ADEBE D.A.- A good number of poems in ex nihilo, particularly “Prism Woman” and “Anonymous Wuz a Womahn”, take up this question. I have problems with taking a “post-” position to things – post-colonial, post-racial, and post-feminism to add. The social task of the writer is to consider this particular example, questions of race and gender, should not be concerned with constructing amorphous ideologies about either category, but take on the issue resolutely. In ex nihilo, taking on an “ex-” position, as opposed to a “post-” one, is significant; it speaks to a reverberation with the past, a renegotiation of history, and thus direct engagement with the continued impediments that obstruct a comfortable understanding of our current state of affairs. In the case of post-feminism, gender is a social, political, and cultural reality as much as it is experienced as a physical one; gender biases continue to function at the basis of social problems. Instead of closing the book on these problems we should face this predicament and ask, for example, how it is possible that we can be “beyond gender” when on average, men still make more than women in the same positions and domestic violence is not a thing of the past. I speak from a North American context on this one, and, as some cultural theorists have argued, from a positioning that signifies a particular understanding of feminism that does not include the larger matrix of race, culture, and ethnicity. I am currently co-editing Other Tongues: Mixed-Race Women Speak Out, an anthology on the experience of mixed-race women in the 21st century, to be published later this year by Inanna Publications. In this project, I’ve been able to navigate, through the stories of others, what gender and race – and being both gendered and racialized – means today: its challenges, as well as empowering aspects. Whether the present truly offers equity amongst the sexes, and whether this can ever become a viable global reality, is in part dependent upon whether or not the rights of women can transcend the theoretical plane. In saying we’ve moved beyond gender, we also say that womens’ rights are a thing of the past, and no longer a viable political project.

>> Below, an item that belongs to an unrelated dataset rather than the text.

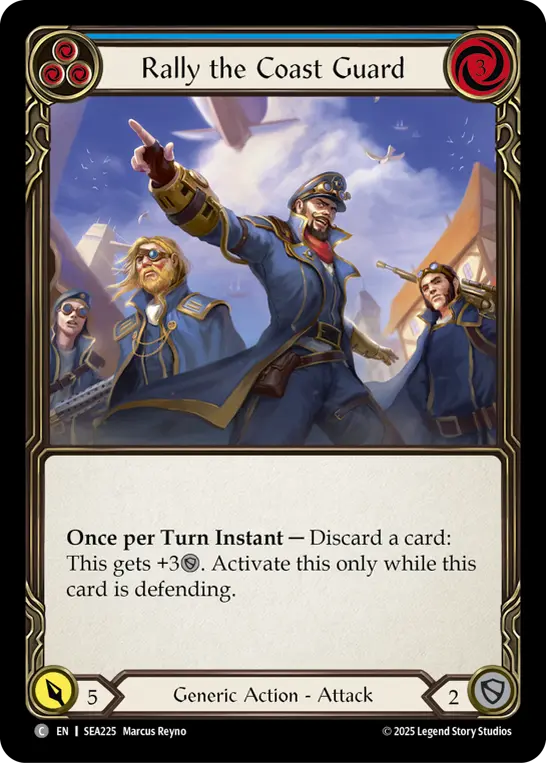 Rally the Coast Guard — Rainbow Foil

TTQ- You served as an Assistant Editor for the arts and literary journal, Existere. What's your opinion on the current state of literary journals in Canada? Has their role of promoting and discovering unknown Canadian poets and writers been diminished by the digital era, and by the abundance of online literary journals sprouting up? Should the Canadian government continue to fund literary journals in Canada?

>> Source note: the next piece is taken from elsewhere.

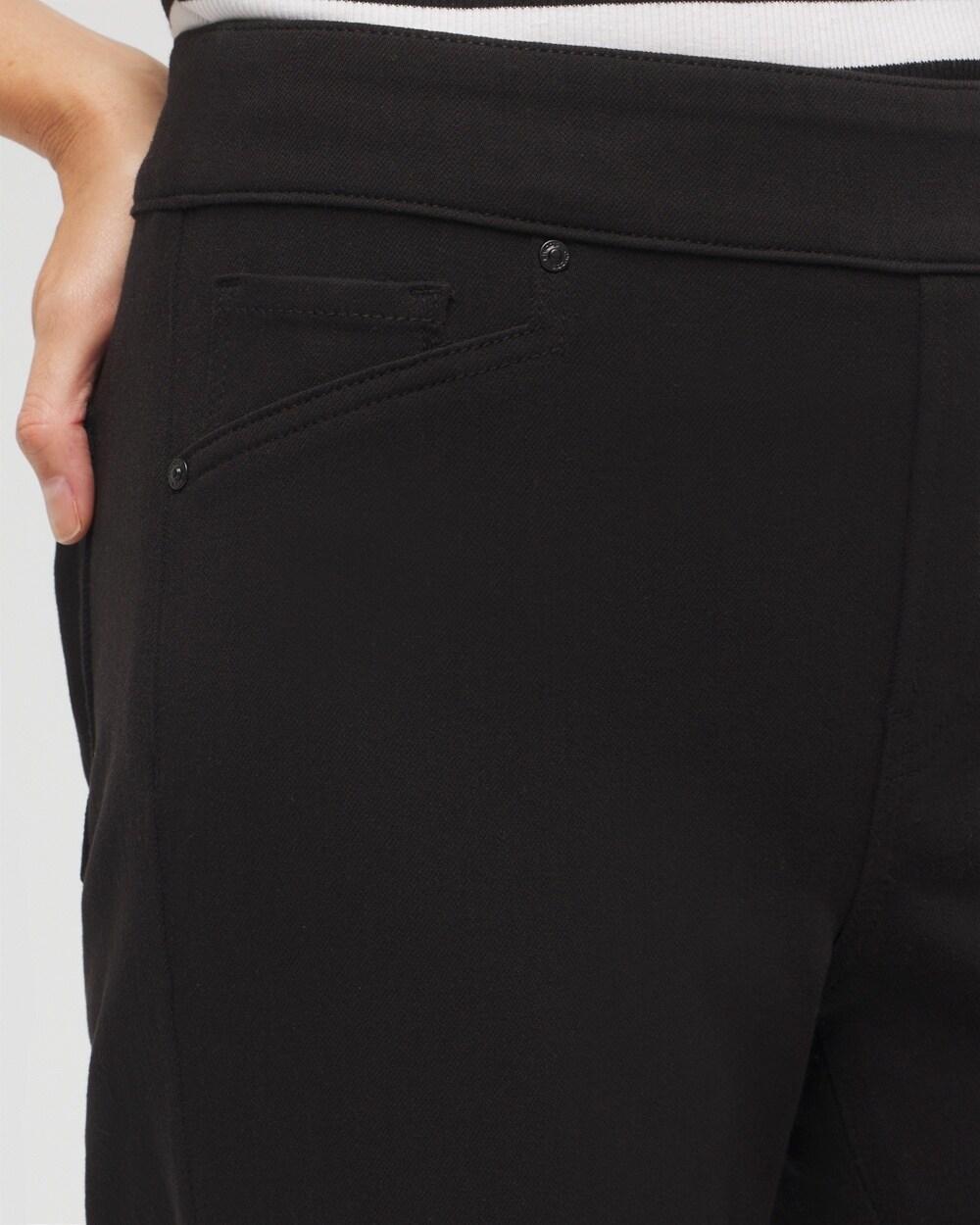 Poplin Cropped Pants Product Image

ADEBE D.A.- I don’t think the breathless rise of social media and the invention of gadgets signify the death of books; if anything, they signify a resurrection, or reincarnation of sorts. So long as we keep reading, taking words in, giving time to the literary arts and supporting the artists around us, it doesn’t matter what poetry we are exposed to, or how it gets exposed to us. What matters is that we embrace the arts alongside the technology. In some ways, art is a technology, offering a vibrant means of communication – the difference being that art is not an addition to life, but part of the realm of arranging and rearranging. Alternately, as part of the creative realm, it is life’s most necessary form of magic and renewal. For this reason, all levels of government should be willing to fund the arts, and that goes for literary journals. Political bodies, funding organizations, and other philanthropic institutions attain their own meaning by showing concern for human value and achievement. Literary journals in Canada are, whether in digitized or print form, projects that have the power to continuously redefine their art and remain dynamic. Sometimes it feels like new online journals, magazines and blogs are emerging at lightning speed; and yet, it is inspiring to know that Canada values art by virtue of its intention to create and engage with the arts on a regular basis. Part of the life cycle of journals, I think, is that they never truly begin nor end, per se; new digital journals do not represent a point of departure or arrival for talent in Canada. What they do is what artists do: in becoming part of a literary legacy, offer an amplification of what came before.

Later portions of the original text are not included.